It is incredible to me that anyone could treat Senator Kerry seriously at this point, but a credulous media seems to be lapping up his accusations that recent tornadoes represent an increase in such storm activity caused by global warming. 

I am way too tired of refuting this stuff over and over to repeat the whole post I put up a while ago about tornado frequency, but you can find it here.  But here is the short answer for those to tired to click through:  Apparent increases in tornado frequency are an artifact of improved technology that can detect more tornadoes.  If one corrects for this by looking only at tornadoes of the larger sizes (3-5) that were consistently detectable with 1950's technology, there has actually been a small decreasing trend in tornado strikes in the US.

This is drop-dead obvious to anyone who knows anything about weather.  However, since it keeps coming up, the NOAA has an explanation quite similar to mine plastered all over their site.

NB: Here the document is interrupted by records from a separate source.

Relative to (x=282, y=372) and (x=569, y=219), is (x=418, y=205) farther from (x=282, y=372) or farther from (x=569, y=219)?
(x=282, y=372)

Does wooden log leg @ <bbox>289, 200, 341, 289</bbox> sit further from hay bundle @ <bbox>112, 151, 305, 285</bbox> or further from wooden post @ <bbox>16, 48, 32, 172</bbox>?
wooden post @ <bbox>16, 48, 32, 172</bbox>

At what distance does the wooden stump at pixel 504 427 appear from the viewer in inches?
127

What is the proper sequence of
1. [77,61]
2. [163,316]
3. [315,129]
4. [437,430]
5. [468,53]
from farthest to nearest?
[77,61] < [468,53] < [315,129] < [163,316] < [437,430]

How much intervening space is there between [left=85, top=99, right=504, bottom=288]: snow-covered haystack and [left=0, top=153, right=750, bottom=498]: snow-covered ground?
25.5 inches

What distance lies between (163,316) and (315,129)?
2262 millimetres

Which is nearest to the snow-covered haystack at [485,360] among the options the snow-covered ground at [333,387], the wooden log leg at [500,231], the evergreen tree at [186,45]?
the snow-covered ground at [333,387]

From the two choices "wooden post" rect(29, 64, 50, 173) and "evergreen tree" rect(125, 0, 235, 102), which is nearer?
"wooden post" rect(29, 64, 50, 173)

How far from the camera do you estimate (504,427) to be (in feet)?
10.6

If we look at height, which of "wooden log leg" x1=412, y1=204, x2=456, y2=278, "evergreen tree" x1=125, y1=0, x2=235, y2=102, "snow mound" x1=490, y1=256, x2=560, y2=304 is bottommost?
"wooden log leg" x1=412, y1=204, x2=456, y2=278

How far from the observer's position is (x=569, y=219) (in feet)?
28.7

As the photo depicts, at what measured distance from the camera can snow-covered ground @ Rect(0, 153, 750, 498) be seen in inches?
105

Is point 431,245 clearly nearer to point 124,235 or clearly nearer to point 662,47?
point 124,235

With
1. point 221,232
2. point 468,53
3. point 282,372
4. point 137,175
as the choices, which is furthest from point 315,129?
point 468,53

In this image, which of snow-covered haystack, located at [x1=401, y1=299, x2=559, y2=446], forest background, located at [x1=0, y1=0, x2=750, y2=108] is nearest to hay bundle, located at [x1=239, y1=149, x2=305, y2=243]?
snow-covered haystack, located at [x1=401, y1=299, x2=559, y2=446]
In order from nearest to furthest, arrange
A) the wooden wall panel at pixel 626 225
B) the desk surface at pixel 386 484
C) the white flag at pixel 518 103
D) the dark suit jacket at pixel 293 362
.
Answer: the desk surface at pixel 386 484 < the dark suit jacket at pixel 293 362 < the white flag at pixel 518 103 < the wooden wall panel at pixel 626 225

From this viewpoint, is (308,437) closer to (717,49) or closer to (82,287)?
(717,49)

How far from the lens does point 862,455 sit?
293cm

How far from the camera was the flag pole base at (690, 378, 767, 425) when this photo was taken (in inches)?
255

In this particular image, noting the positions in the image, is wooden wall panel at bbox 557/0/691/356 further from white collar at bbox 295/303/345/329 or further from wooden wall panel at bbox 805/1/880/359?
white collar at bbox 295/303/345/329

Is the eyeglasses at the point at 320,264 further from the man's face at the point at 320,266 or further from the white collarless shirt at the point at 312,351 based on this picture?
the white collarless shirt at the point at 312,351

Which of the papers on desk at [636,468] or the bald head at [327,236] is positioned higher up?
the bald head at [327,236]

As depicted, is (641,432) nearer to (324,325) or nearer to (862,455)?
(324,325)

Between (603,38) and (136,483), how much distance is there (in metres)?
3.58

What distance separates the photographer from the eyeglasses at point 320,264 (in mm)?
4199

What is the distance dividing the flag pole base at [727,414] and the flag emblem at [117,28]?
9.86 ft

With increased national doppler radar coverage, increasing population,
and greater attention to tornado reporting, there has been an increase
in the number of tornado reports over the past several decades. This
can create a misleading appearance of an increasing trend in tornado
frequency. To better understand the true variability and trend in
tornado frequency in the US, the total number of strong to violent
tornadoes (F3 to F5 category on the Fujita scale) can be analyzed.
These are the tornadoes that would have likely been reported even
during the decades before Dopplar radar use became widespread and
practices resulted in increasing tornado reports. The bar chart below
indicates there has been little trend in the strongest tornadoes over
the past 55 years.

My daughter when she was 9 years old was able to more accurately portray this fact in a class project than did Mr. Kerry.

  • Steve

    Even if you stipulated to the fact that there were more tornadoes, I think it illustrates another point that counters those who want us to cut greenhouse has emissions.

    Adapting is often better than actually stopping the "root cause" of the problem.

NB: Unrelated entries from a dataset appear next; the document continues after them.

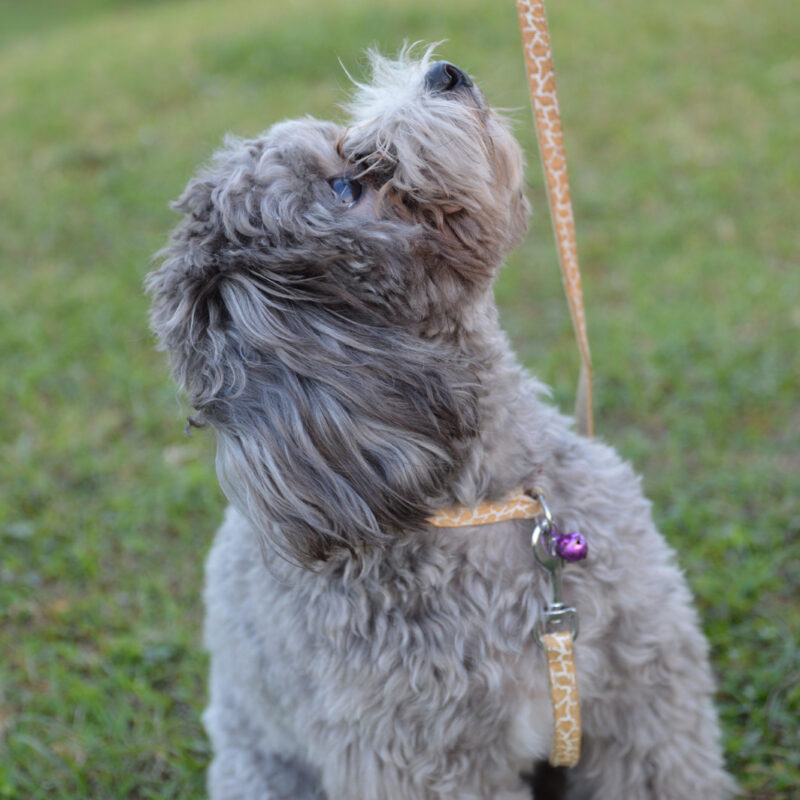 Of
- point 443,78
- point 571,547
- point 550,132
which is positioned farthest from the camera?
point 550,132

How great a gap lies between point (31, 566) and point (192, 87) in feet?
18.9

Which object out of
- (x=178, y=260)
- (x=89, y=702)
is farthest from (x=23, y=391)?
(x=178, y=260)

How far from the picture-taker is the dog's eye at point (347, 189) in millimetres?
1931

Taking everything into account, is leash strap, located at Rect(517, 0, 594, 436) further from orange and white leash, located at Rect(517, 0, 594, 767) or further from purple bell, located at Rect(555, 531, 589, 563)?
purple bell, located at Rect(555, 531, 589, 563)

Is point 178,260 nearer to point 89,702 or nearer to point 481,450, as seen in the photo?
point 481,450

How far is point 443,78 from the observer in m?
1.94

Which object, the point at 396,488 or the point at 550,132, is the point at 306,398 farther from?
the point at 550,132

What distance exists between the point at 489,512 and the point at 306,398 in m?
0.55

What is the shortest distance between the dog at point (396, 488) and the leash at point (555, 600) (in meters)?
0.03

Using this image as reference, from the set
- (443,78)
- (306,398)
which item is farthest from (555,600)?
(443,78)

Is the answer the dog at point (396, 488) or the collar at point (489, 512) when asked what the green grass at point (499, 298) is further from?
the collar at point (489, 512)

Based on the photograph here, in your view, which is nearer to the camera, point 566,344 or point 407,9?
point 566,344

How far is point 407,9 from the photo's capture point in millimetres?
8688

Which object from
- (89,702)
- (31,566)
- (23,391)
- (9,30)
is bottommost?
(89,702) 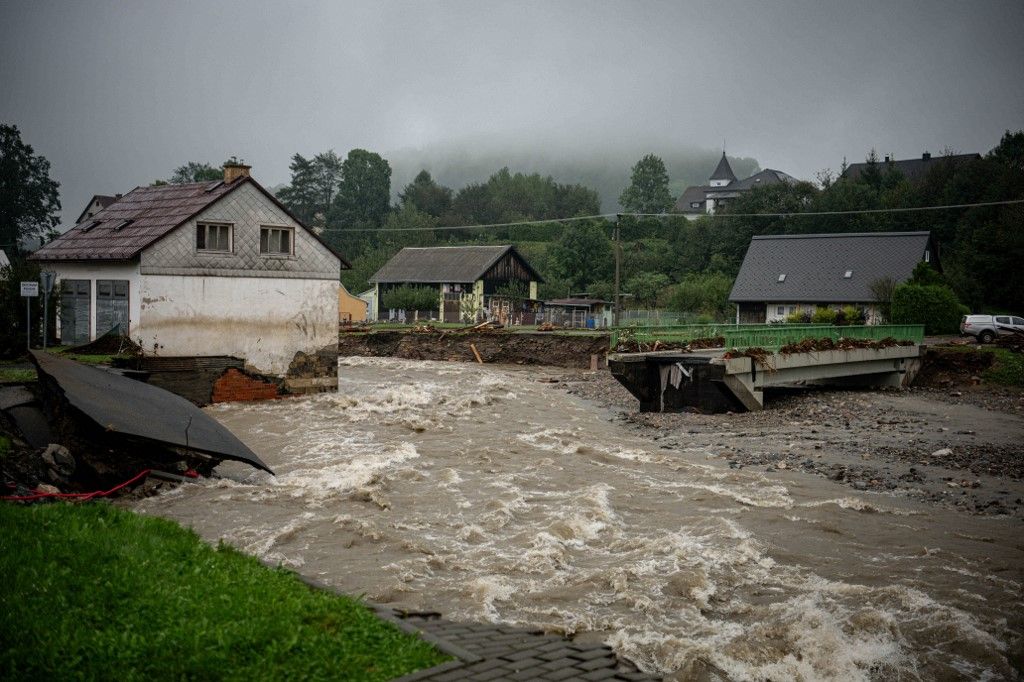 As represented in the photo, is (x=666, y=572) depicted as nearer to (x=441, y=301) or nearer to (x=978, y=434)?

    Doppler radar, communications technology, and safe rooms are all likely cheaper solutions to the (supposed) problem of increasing numbers of tornadoes. I'd bet that, controlling for population, the slope of the deaths from tornadoes curve slopes down. If the number of tornadoes is increasing, why might this be?

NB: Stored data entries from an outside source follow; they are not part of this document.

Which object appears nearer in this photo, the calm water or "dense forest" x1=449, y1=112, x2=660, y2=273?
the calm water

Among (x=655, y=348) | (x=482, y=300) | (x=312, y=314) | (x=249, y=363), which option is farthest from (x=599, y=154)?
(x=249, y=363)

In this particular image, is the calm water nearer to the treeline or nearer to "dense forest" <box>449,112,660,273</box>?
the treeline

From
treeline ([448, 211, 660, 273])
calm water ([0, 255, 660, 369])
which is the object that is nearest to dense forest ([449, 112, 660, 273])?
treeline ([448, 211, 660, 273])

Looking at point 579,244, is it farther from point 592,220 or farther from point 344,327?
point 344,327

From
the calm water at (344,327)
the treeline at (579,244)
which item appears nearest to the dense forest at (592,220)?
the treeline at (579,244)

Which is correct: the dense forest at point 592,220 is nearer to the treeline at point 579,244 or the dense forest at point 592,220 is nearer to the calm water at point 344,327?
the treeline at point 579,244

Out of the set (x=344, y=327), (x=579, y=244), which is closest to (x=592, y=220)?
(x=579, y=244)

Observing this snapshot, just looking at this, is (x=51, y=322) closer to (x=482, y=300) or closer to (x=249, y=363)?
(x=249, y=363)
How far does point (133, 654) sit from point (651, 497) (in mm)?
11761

    Well, I live through one of the worst tornado outbreaks ever (5/3/01) in Norman, OK, and we had a ton of advanced warning that allowed us to seek shelter.

  • Steve

    Since I read from top to bottom, I didn't see that Coyote made essentially the same point about increasing hurricanes a few posts down.

  • Xliberal

    But that's because JFKerry is so much more interlekshul and more intellijint than Dubya! I find it amusing when the likes of the Goracle and JFKerry, who give scant evidence of having taken many math or science courses when in college, pontificate on such matters for us.

  • tornadoMaster

    It appears that tornado frequency began to rise in a big way when world war 1 started.
    It started to go up again just after world war 2 started, but less steep of an increase.
    during the entire period of atmospheric nuclear testing the rate of tornado occurance stayed high.
    They appear to have dropped off somewhat as the environmental movement got going in the 70's
    and was lower around the the time of the first oil embargo.
    aroung 1995, they began to come up again, about the time the Chinese industrial revival really got going. And remember, other old world powers began to ramp up industrial production during the 90's as well.
    Sow the wind, reap the whirlwind.
    pollute the air, cause the tornado.

    of course, the tornado is a natural phenom, that will probably occur no matter what, but we seem to be agravating the situation.